No family is perfect, just as no marriage is perfect and no friendship is perfect. But you were all for Tyler in a way that he needed.
There’s this bit right smack dab in the middle of Paul’s letter to the church in Rome that, for me, I can’t read without thinking about Tyler. Paul has been riffing on the wonders of God’s love and it crescendos up to this remarkable declaration: I am convinced that neither death, nor life, nor angels, nor rulers, nor things present, nor things to come, nor powers, nor height, nor depth, nor anything else in all creation, will be able to separate us from the love of God in Christ Jesus our Lord.
What makes such a statement so profound is the fact that all those things are constantly trying to separate us from one another and from God. Life, at times, is a seemingly endless battle between where we are and where we should be or want to be and, no matter what we do, we can’t get there. And then Paul shouts through the centuries, rattling our souls, with the reminder that there’s nothing we can do to make God love us any more, or any less. Nothing can take us away from the Love that refuses to let us go.

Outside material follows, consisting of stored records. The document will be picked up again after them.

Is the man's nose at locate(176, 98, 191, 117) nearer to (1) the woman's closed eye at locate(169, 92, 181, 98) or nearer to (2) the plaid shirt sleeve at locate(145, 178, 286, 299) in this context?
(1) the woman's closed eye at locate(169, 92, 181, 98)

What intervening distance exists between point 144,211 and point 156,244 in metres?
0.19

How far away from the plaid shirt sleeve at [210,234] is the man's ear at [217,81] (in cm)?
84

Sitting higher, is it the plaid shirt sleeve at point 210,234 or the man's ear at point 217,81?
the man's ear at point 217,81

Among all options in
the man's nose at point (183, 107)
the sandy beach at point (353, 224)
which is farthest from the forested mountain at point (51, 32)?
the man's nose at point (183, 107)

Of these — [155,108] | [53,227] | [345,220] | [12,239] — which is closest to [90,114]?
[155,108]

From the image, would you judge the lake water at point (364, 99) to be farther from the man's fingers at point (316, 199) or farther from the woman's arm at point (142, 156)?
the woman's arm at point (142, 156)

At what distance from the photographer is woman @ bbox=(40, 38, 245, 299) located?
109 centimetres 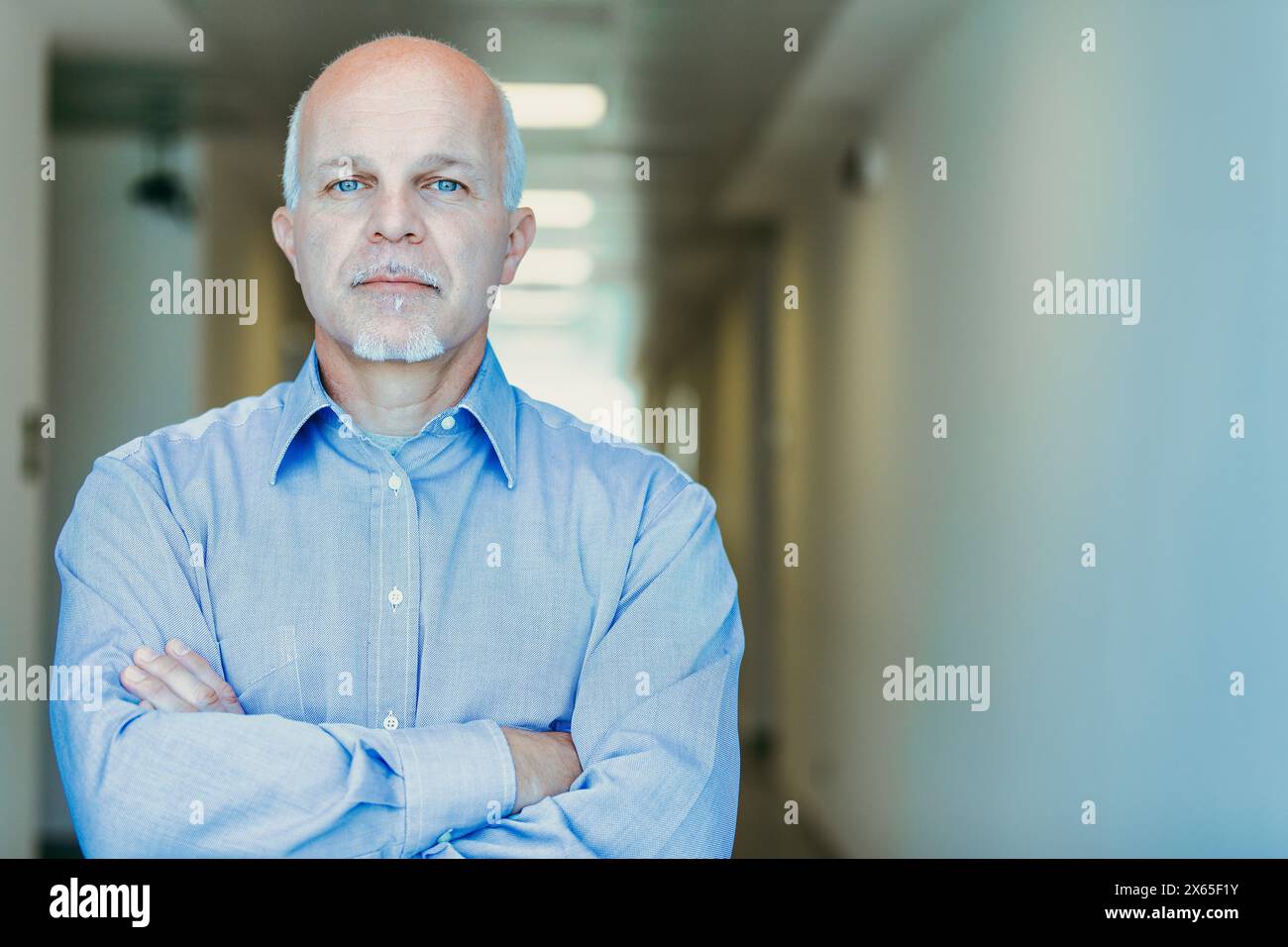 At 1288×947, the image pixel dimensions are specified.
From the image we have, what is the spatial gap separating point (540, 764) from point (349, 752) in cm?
22

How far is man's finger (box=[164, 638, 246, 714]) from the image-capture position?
1.33m

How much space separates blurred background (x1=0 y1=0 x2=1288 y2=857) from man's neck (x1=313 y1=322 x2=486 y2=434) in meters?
0.08

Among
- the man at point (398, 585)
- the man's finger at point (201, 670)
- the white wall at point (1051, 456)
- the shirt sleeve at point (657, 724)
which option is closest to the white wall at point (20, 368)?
the man at point (398, 585)

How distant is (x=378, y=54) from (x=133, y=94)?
0.49 meters

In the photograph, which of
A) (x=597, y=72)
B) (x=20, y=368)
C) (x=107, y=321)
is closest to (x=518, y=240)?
(x=597, y=72)

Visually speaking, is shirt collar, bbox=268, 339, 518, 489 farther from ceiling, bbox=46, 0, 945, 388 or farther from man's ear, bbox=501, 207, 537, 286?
ceiling, bbox=46, 0, 945, 388

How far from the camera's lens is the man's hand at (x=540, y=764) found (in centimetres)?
132

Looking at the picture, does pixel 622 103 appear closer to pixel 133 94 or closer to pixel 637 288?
pixel 637 288

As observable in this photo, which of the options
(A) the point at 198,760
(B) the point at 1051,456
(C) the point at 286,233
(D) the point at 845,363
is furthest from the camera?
(D) the point at 845,363

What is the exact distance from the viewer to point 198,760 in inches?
49.4

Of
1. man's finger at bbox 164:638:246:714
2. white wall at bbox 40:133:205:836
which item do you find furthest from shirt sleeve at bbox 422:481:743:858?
white wall at bbox 40:133:205:836

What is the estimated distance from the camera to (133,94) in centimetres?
173

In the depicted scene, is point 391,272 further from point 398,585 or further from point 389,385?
point 398,585

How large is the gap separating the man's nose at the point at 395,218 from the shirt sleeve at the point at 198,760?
0.44 m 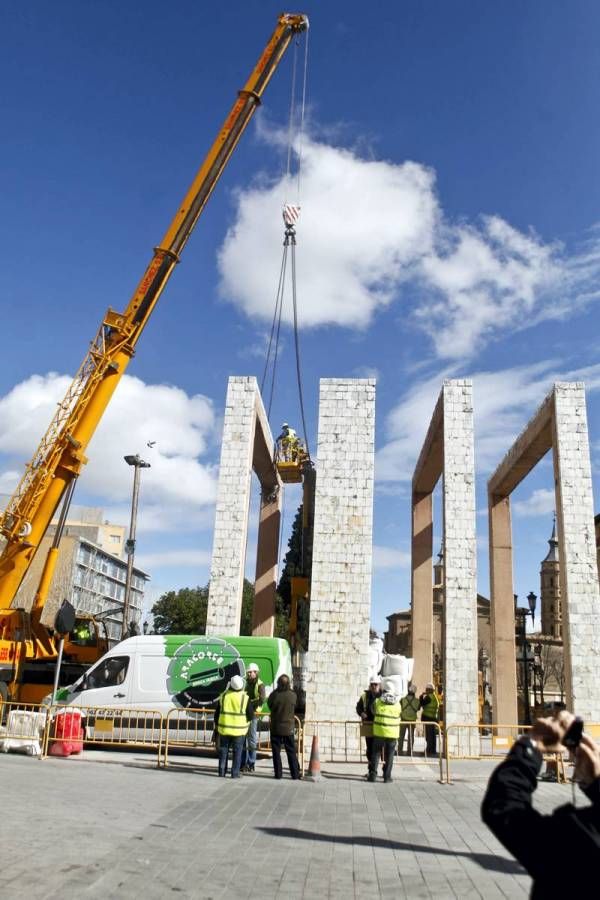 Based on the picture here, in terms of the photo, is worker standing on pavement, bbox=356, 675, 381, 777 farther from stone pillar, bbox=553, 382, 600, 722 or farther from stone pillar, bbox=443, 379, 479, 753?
stone pillar, bbox=553, 382, 600, 722

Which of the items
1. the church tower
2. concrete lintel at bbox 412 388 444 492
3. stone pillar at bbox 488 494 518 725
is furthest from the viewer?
the church tower

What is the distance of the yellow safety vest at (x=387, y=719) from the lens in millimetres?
11648

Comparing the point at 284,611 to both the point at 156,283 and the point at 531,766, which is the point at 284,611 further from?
the point at 531,766

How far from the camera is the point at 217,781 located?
35.8 feet

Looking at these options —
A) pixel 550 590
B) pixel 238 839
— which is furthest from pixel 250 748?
pixel 550 590

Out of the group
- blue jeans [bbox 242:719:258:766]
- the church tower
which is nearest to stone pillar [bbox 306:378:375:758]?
blue jeans [bbox 242:719:258:766]

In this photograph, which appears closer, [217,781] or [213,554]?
[217,781]

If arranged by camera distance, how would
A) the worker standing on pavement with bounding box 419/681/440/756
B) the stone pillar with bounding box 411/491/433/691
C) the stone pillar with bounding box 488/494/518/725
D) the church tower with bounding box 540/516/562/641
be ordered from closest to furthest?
the worker standing on pavement with bounding box 419/681/440/756 < the stone pillar with bounding box 488/494/518/725 < the stone pillar with bounding box 411/491/433/691 < the church tower with bounding box 540/516/562/641

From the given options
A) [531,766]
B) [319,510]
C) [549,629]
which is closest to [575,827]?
[531,766]

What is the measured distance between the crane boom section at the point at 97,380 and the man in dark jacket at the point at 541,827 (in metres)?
16.4

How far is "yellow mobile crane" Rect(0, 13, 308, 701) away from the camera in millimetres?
17266

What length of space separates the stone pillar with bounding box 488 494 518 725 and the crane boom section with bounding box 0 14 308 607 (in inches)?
530

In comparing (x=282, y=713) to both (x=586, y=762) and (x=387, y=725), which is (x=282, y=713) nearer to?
(x=387, y=725)

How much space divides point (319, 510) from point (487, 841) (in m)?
11.0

And yet, the pain of life can sting like nothing else.
None of us will ever know or understand what happened on Sunday. But today is Good Friday, and if you’ve ever spent time in church you’ll know there really isn’t anything good about today. Churches across the world will gather to worship the King of kings who rules from the arms of the cross. Today is the day we remember Christ’s death.

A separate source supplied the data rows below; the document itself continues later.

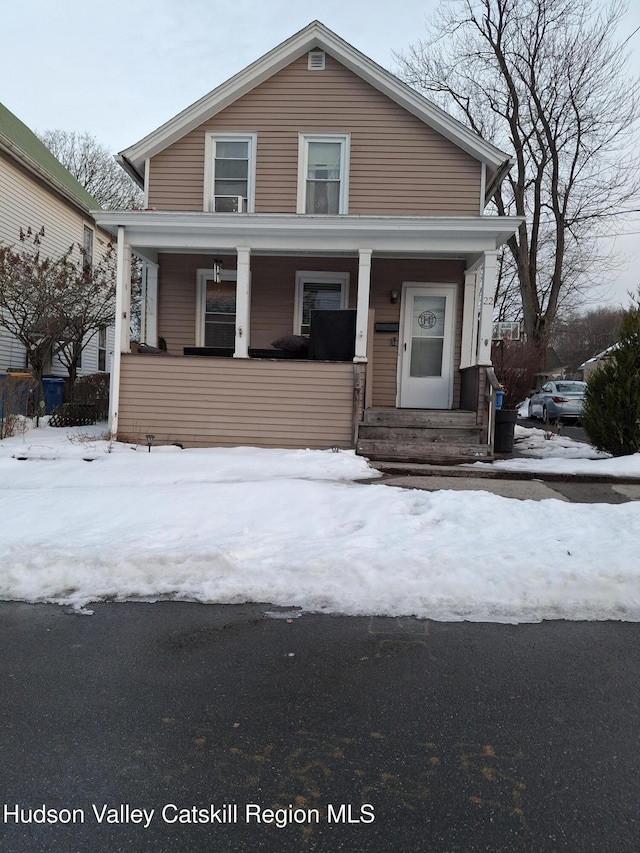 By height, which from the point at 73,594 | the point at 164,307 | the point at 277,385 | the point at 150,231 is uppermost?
the point at 150,231

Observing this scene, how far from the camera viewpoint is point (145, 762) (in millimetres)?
2164

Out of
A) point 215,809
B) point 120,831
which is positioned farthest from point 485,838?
point 120,831


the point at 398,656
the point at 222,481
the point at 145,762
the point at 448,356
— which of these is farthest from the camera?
the point at 448,356

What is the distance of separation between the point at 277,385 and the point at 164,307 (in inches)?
135

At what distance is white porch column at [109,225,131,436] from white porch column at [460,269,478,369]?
6060mm

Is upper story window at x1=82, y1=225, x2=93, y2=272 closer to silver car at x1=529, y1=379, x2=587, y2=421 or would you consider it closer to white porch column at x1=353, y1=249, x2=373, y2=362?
white porch column at x1=353, y1=249, x2=373, y2=362

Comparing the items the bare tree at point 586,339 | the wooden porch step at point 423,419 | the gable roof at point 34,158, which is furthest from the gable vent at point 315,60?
the bare tree at point 586,339

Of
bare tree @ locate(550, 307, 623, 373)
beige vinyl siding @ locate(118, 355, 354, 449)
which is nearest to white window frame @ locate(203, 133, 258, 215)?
beige vinyl siding @ locate(118, 355, 354, 449)

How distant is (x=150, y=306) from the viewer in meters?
11.3

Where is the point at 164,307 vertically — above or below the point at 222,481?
above

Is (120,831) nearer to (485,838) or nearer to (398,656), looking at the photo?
(485,838)

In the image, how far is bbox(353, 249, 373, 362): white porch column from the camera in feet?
30.7

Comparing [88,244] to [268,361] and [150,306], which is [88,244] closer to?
[150,306]

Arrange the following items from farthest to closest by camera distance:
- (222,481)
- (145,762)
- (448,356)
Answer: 1. (448,356)
2. (222,481)
3. (145,762) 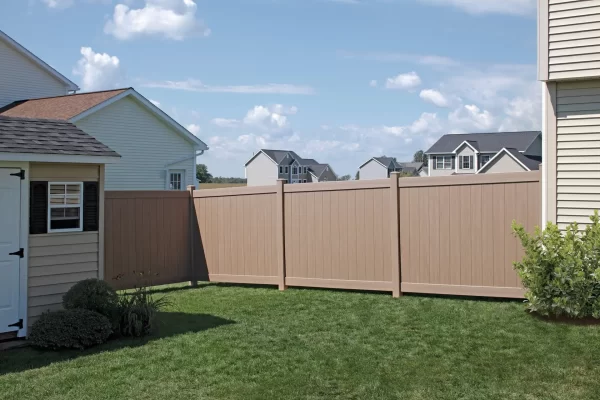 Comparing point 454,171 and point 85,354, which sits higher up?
point 454,171

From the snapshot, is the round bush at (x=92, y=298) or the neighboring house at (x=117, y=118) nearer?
the round bush at (x=92, y=298)

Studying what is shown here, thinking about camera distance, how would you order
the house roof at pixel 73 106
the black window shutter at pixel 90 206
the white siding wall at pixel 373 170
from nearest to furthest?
the black window shutter at pixel 90 206 → the house roof at pixel 73 106 → the white siding wall at pixel 373 170

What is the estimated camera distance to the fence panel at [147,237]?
1145 centimetres

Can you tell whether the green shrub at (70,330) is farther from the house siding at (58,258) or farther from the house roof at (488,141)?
the house roof at (488,141)

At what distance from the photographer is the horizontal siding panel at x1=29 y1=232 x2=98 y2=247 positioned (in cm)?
828

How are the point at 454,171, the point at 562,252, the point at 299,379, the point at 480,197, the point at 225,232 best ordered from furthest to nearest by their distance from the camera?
the point at 454,171 < the point at 225,232 < the point at 480,197 < the point at 562,252 < the point at 299,379

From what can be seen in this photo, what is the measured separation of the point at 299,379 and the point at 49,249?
421 cm

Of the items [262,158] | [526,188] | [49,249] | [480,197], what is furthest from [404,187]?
[262,158]

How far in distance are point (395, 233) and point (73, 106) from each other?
570 inches

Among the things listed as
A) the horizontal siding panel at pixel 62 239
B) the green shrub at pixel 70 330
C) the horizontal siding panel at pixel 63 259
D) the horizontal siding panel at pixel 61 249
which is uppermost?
the horizontal siding panel at pixel 62 239

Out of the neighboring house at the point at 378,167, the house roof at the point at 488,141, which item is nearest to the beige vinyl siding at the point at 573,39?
the house roof at the point at 488,141

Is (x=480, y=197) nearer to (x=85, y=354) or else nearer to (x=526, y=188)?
(x=526, y=188)

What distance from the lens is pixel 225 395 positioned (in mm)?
5727

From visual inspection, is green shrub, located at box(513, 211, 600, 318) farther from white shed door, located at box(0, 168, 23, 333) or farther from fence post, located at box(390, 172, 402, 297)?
white shed door, located at box(0, 168, 23, 333) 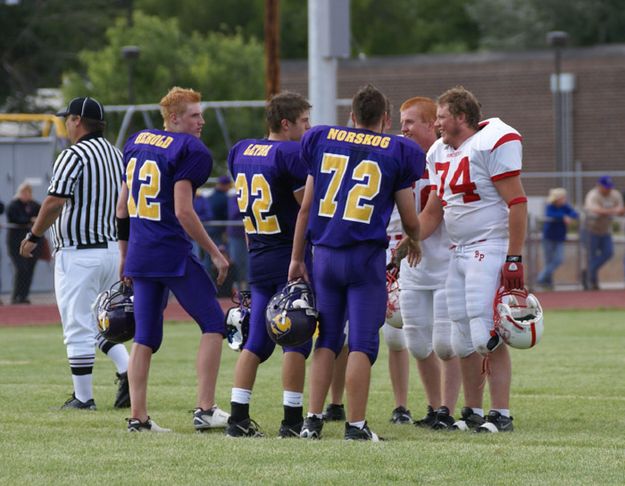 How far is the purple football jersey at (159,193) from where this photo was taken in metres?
8.02

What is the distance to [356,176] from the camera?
24.6 feet

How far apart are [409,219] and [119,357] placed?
9.72 feet

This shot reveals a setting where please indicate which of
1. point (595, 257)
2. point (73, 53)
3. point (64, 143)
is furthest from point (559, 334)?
point (73, 53)

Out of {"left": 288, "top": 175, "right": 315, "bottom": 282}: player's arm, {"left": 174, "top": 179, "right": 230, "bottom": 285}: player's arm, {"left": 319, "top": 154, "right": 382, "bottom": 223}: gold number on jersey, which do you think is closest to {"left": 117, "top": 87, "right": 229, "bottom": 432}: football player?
{"left": 174, "top": 179, "right": 230, "bottom": 285}: player's arm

And, notably, in two of the Gospel accounts Jesus’ final words are, “My God, my God, why have you forsaken me?” The incarnate One cries out with his final breaths feeling completely alone, isolated, and abandoned. The Messiah meets his end feeling like he has nothing left.
We will never know what Tyler felt, but Christ does.
And even in death, Jesus isn’t forsaken.
In three days God gives him back to us.
The promise of Easter is that, one day, we will all feast at the supper of the Lamb with Tyler. We will gather at the table anew when there will be no mourning and no crying.
But that day is not today. Today we weep and we mourn because Tyler is gone.
Sometimes, I fear, we’re too noisy around people who are suffering, trying to make things okay with our words. Nothing will make this okay. What we do need is presence, we need one another.
So it is my prayer that, in the days, weeks, months, and years ahead that we hold tight to each other. That we give thanks to the Lord who gave Tyler to us. Amen.